Castroneves stopped on lap 150, with O’Ward stopping a lap later. Will Power also stopped during this time; the Aussie spinning his Verizon entry on pit-lane, ending a day of solid recovery on a sour note. These stops had shuffled Dixon up to sixth place with 46 laps to go, with his teammate Felix Rosenqvist the best placed of those attempting a long haul to the finish. With the first of Dixon’s ‘rebel’ group pitting with 43 laps to go, Dixon briefly once again held first place. Dixon pitted with 38 laps to go, with his engineers critically confirming that he can complete it with no more pit-stops and making him the first to complete his last.
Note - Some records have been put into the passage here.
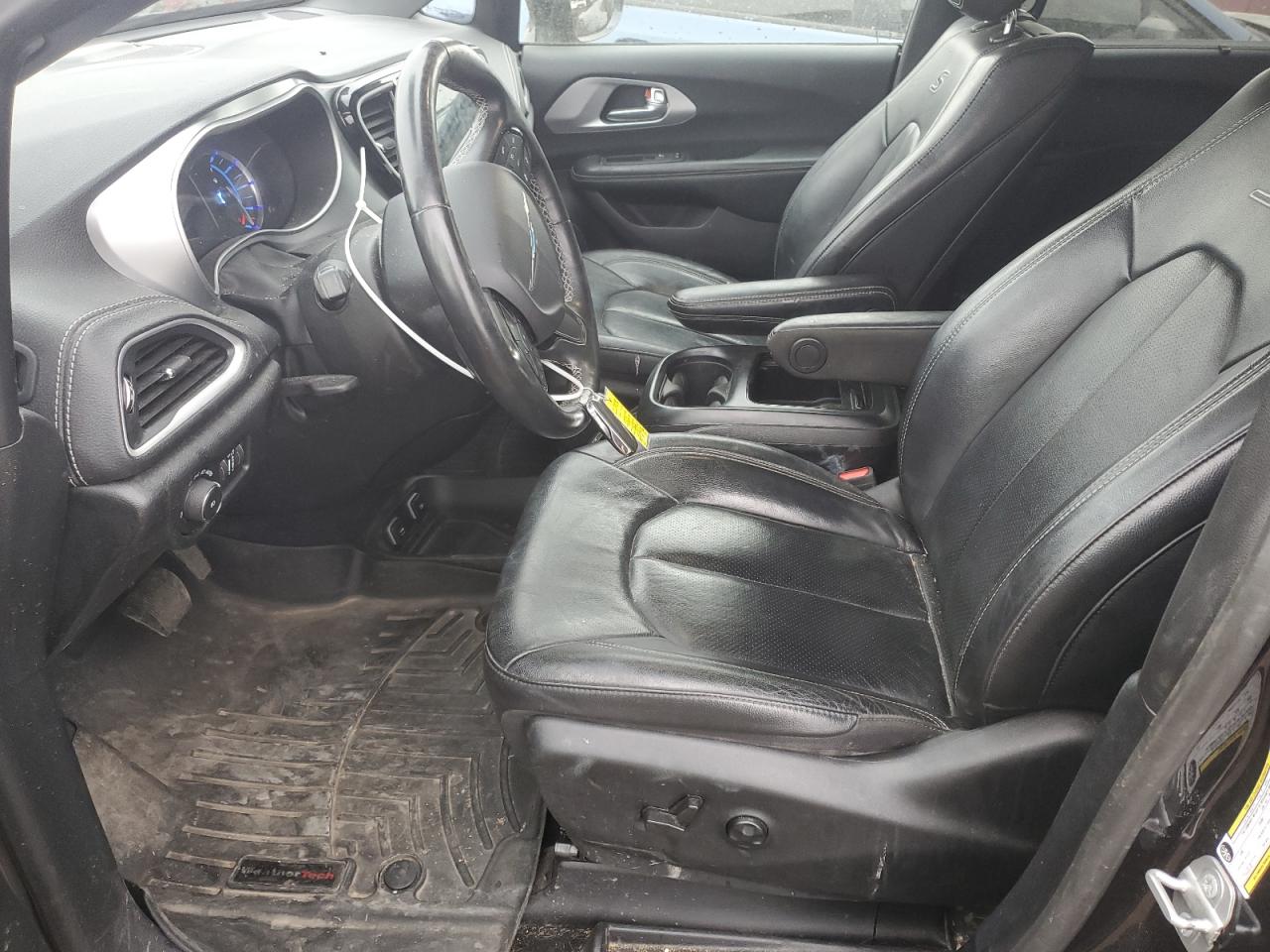 2021 Chrysler Pacifica - Image 7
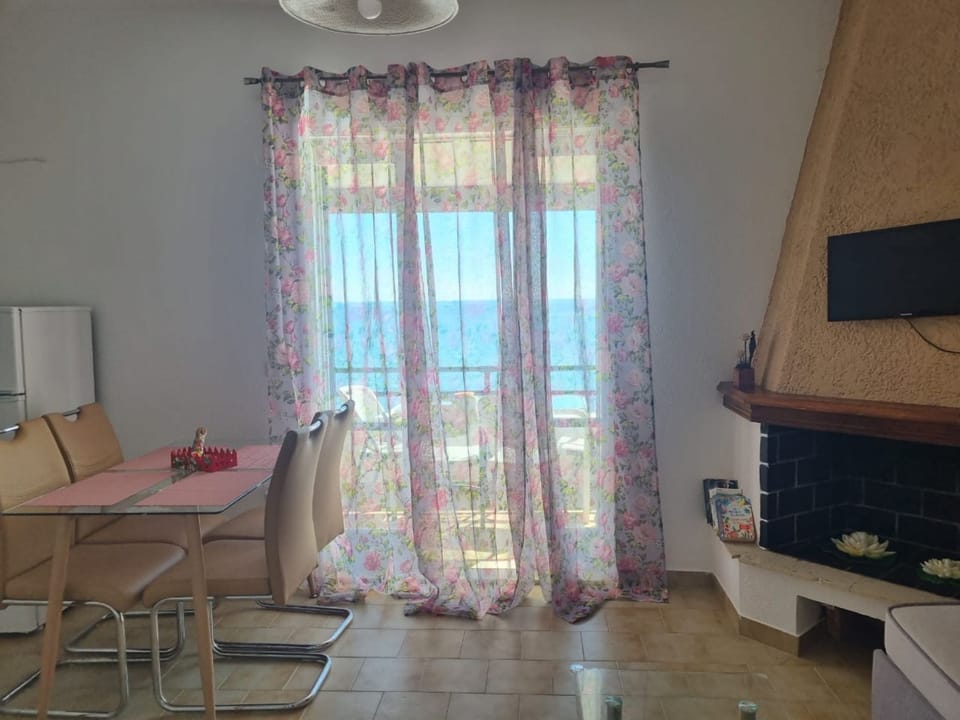 Apartment | Living area | TV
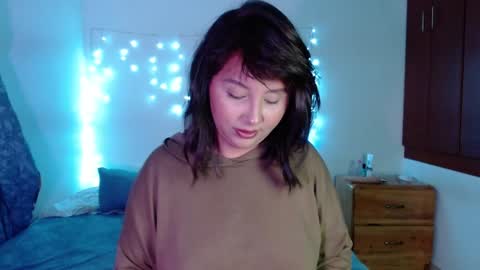 Zoe   NEW EXCLUSIVE CONTENT EVERY FRIDAY  online show from 21, 1, 2025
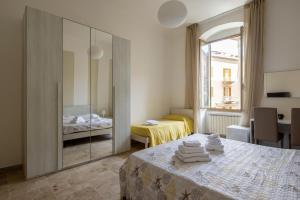 ラ・スペツィアにあるBlu sea Roomのベッドルーム1室(鏡、テーブル、タオル付)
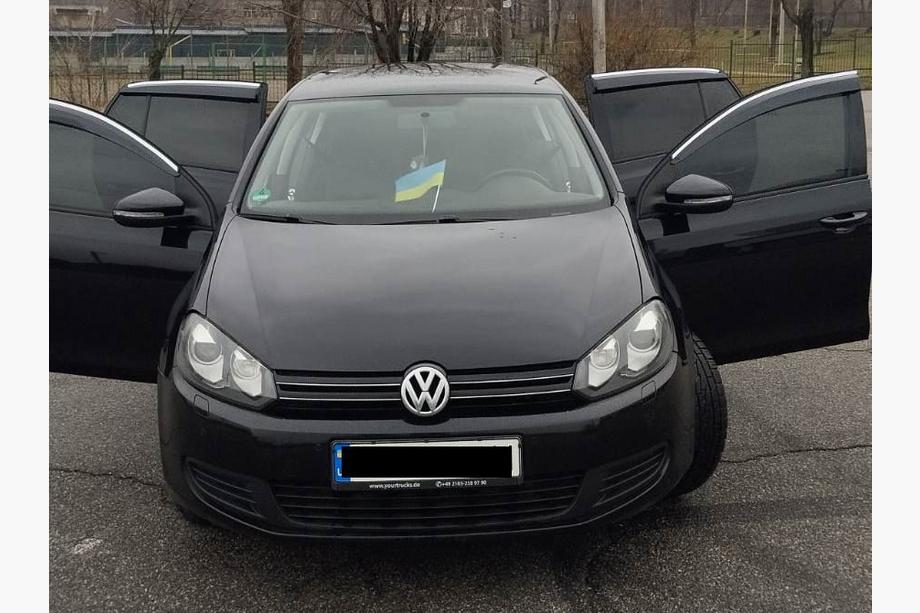 Volkswagen Golf 5 2003–2009 Okenné deflektory s chrómovou lištou (4 ks, Sunplex Chrome) Fotografia 3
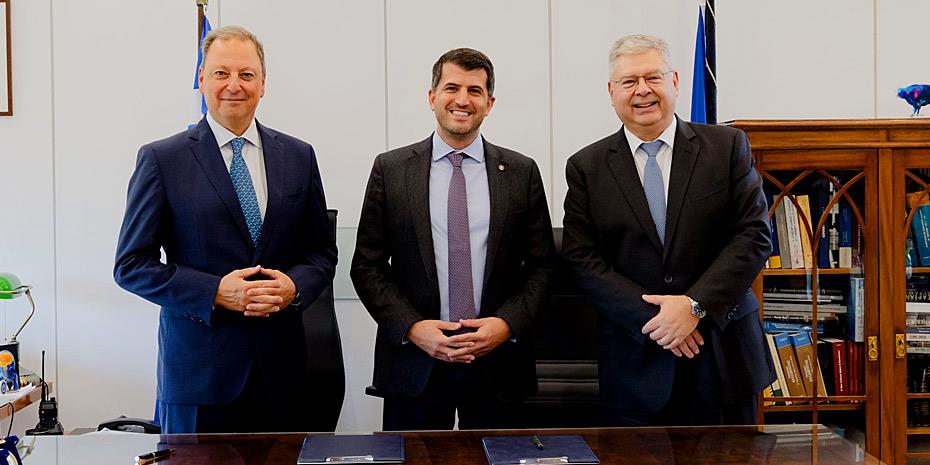 Δωρεά τριών πυροσβεστικών οχημάτων στον ΣΠΑΠ από τη Helleniq Energy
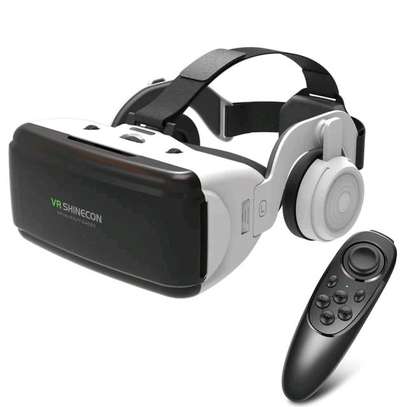 Vr box with headphone and remote image 2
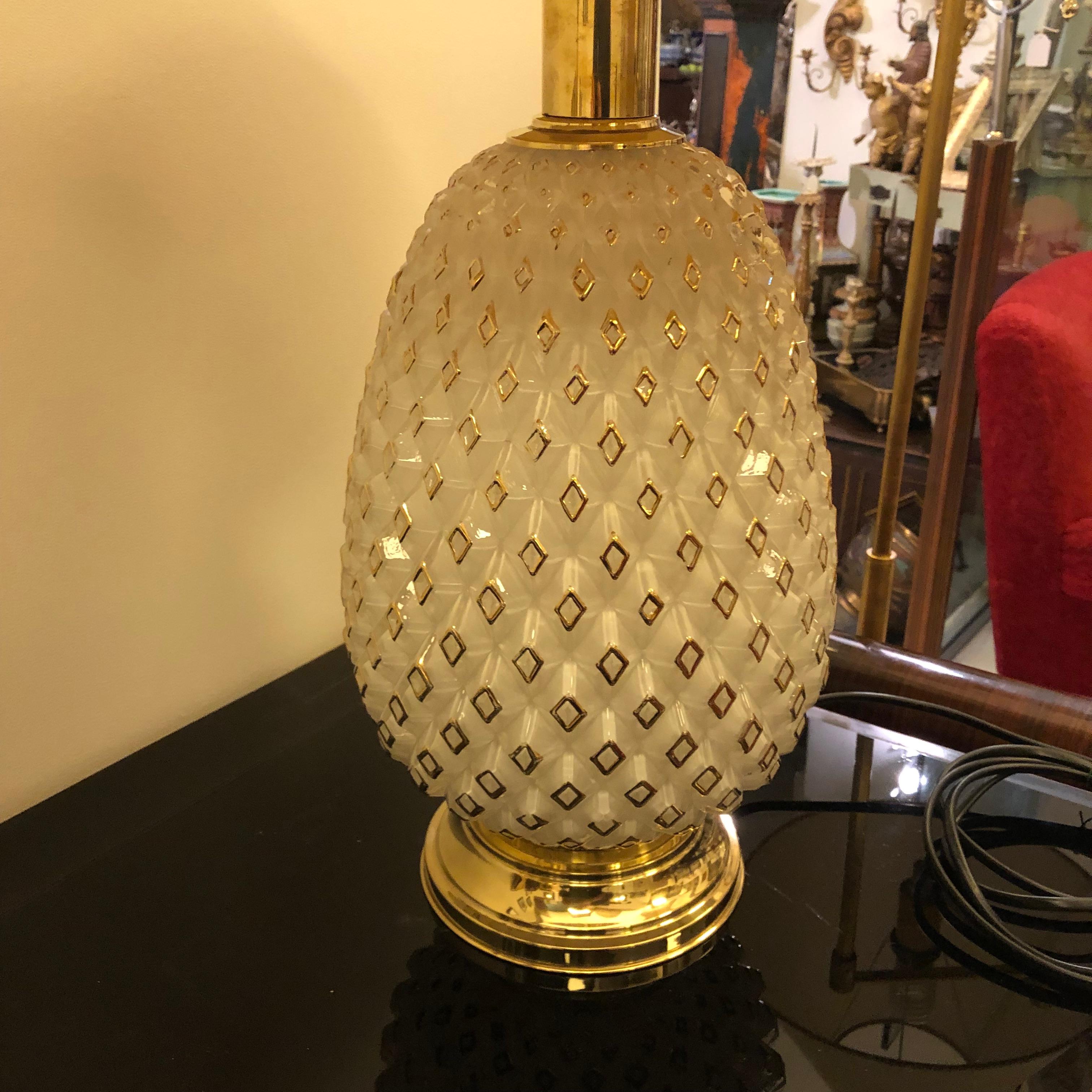 Mid-Century Modern Italian Brass and White Glass Pineapple Table Lamp, 1970 5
Newgarden was on a strategy not entirely different to Dixon’s. He pitted with 31 laps to go, the added laps giving him more security of being able to complete the race without the need for additional fuel savings. Herta and Daly pitted in the following laps, while the leaders pressed on for another few laps. The battle for the lead ‘on corrected’ between Castroneves and Palau raged on, with pair swapping spots on either side of their final stop. With 20 laps to go, they were sixth and seventh as a selection of drivers ahead pressed on in hopes of a caution.
Dixon was 10th, but struggling as he tried to limp his car to the chequered flag without another pit-stop, slowly fading further and further. McLaughlin was playing an opposing card to Dixon, staying out long and mixing with the leaders, although he needed to make another pit-stop in the dying laps. With 15 laps to go, the stage was set; Palau leading Castroneves, O’Ward, Pagenaud, and Ed Carpenter. The nose-to-tail battle was for fourth, but everyone in front had to pit.
With 10 laps to go the leaders appeared to all be biding their time. Rosenqvist and Sato were committing at the front to the hope of a very late safety car helping them make it to the end. McLaughlin bailed on the idea with nine laps to go. Castroneves was the first to make a bold move with seven laps to go, getting the lead around the outside of turn one. With six laps to go Rosenqvist and Sato were out of the picture, too, leaving the leaders to duel.
Palau took back the lead with five to go, and he had the added advantage of Rosenqvist as lapped traffic. He was briefly able to give Palau a draft, before having to take a pit-lane speeding penalty. What followed was a classic Indy 500 finish. Castroneves took the lead again with two laps to go at turn one, giving Palau the chasing spot for the last lap. The last lap would be in truckloads of traffic, a chain of about six cars.
Despite the mounting pressure and unique final-lap scenario, Castroneves held his cool and didn’t make a mistake. Instead of trying to get by the first traffic, Hunter-Reay, he stayed behind the DHL entry. And it proved to be enough; Palau unable to get close enough to even attempt a passing move. In the end, despite being carved up over the last 30 laps repeatedly, Castroneves was able to take the chequered flag and win his fourth Indy 500 almost unchallenged.
It will go down as one of the most popular wins in recent times; illustrated by Castroneves’ long post-race process as people from up and down pit-lane came to congratulate the race winner. These included former boss Roger Penske, rivals, and more.
Palau took second, with Pagenaud, O’Ward, Carpenter, Santino Ferrucci, Sage Karam, Veekay, Montoya, and Tony Kanaan rounding out the top 10. Dixon ended up limping home to 17th, losing stacks of positions in the dying laps as he limped to the finish. It was still better than Rossi, who finished 29th. McLaughlin, meanwhile, finished his first Indy 500 20th in a day of ‘what ifs’.